Let's interpret the source code of GCC 5.1
We'll try to understand what happens on -O100, since it is not clear on the man page.
We shall conclude that:
anything above -O3 up to INT_MAX is the same as -O3, but that could easily change in the future, so don't rely on it.
GCC 5.1 runs undefined behavior if you enter integers larger than INT_MAX.
the argument can only have digits, or it fails gracefully.

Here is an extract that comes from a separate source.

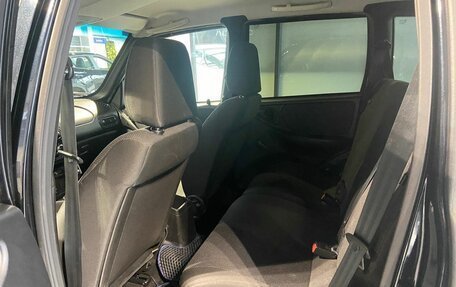 Chevrolet Niva I рестайлинг, 2019 год, 700 000 рублей, 13 фотография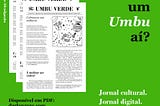 Vai um “Umbu” aí?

In particular, this excludes negative integers like -O-1
Focus on subprograms
First remember that GCC is just a front-end for cpp, as, cc1, collect2. A quick ./XXX --help says that only collect2 and cc1 take -O, so let's focus on them.
And:
gcc -v -O100 main.c |& grep 100
gives:
COLLECT_GCC_OPTIONS='-O100' '-v' '-mtune=generic' '-march=x86-64'
/usr/local/libexec/gcc/x86_64-unknown-linux-gnu/5.1.0/cc1 [[noise]] hello_world.c -O100 -o /tmp/ccetECB5.
so -O was forwarded to both cc1 and collect2.
O in common.opt
common.opt is a GCC specific CLI option description format described in the internals documentation and translated to C by opth-gen.awk and optc-gen.awk.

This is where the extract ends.